--- DATASET RECORDS ---

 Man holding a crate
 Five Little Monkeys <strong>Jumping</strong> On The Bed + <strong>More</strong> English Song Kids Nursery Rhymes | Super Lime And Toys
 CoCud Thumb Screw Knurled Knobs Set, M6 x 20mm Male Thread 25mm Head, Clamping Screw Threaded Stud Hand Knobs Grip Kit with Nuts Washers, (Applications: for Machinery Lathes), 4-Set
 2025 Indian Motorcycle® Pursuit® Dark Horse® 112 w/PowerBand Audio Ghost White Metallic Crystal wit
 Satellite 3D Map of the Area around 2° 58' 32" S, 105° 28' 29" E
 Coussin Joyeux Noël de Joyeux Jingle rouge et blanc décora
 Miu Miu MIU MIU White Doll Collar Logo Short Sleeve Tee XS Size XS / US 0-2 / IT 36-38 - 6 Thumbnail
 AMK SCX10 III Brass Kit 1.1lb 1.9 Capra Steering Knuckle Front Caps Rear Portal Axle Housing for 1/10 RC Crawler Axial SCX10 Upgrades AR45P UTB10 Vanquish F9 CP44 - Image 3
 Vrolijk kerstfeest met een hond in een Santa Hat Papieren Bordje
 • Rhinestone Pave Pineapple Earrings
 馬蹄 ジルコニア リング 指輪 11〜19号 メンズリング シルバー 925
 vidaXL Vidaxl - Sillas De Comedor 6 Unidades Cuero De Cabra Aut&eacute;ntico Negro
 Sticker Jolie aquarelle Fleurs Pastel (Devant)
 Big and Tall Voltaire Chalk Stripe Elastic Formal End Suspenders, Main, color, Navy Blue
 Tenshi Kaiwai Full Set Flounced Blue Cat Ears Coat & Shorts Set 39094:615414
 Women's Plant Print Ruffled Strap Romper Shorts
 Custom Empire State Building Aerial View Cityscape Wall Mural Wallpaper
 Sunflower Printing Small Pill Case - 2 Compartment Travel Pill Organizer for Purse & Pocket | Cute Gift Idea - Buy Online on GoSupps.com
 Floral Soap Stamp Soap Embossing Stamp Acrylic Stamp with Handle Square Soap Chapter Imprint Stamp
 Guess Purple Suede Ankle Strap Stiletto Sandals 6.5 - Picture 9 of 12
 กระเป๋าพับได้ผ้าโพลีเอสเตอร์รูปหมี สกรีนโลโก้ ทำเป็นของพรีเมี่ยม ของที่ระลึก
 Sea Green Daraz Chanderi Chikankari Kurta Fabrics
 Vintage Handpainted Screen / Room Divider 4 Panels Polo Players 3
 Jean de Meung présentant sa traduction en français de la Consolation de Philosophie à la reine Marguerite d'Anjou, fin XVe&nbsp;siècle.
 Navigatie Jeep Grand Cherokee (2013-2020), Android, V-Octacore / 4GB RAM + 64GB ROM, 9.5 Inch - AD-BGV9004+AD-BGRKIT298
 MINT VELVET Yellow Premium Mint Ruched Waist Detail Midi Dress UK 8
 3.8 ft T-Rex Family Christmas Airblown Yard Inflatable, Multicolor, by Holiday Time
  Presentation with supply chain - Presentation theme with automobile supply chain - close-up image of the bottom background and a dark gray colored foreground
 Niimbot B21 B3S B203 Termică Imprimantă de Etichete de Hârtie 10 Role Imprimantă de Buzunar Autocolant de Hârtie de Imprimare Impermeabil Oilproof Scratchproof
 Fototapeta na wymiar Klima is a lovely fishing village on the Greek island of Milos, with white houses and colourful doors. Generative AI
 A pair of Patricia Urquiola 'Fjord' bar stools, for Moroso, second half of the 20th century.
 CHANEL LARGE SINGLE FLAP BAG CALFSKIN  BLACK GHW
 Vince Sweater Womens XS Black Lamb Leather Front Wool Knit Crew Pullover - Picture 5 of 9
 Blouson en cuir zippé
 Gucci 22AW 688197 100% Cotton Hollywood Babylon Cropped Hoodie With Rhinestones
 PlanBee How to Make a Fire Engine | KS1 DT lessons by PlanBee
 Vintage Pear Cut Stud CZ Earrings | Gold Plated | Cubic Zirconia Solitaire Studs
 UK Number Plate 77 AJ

---

TASK DETAILS — Above are the records. Print exactly, and only, the lines from the line with "Vrolijk kerstfeest met" to the line with "Sticker Jolie aquarelle", both inclusive.

RESULT —
 Vrolijk kerstfeest met een hond in een Santa Hat Papieren Bordje
 • Rhinestone Pave Pineapple Earrings
 馬蹄 ジルコニア リング 指輪 11〜19号 メンズリング シルバー 925
 vidaXL Vidaxl - Sillas De Comedor 6 Unidades Cuero De Cabra Aut&eacute;ntico Negro
 Sticker Jolie aquarelle Fleurs Pastel (Devant)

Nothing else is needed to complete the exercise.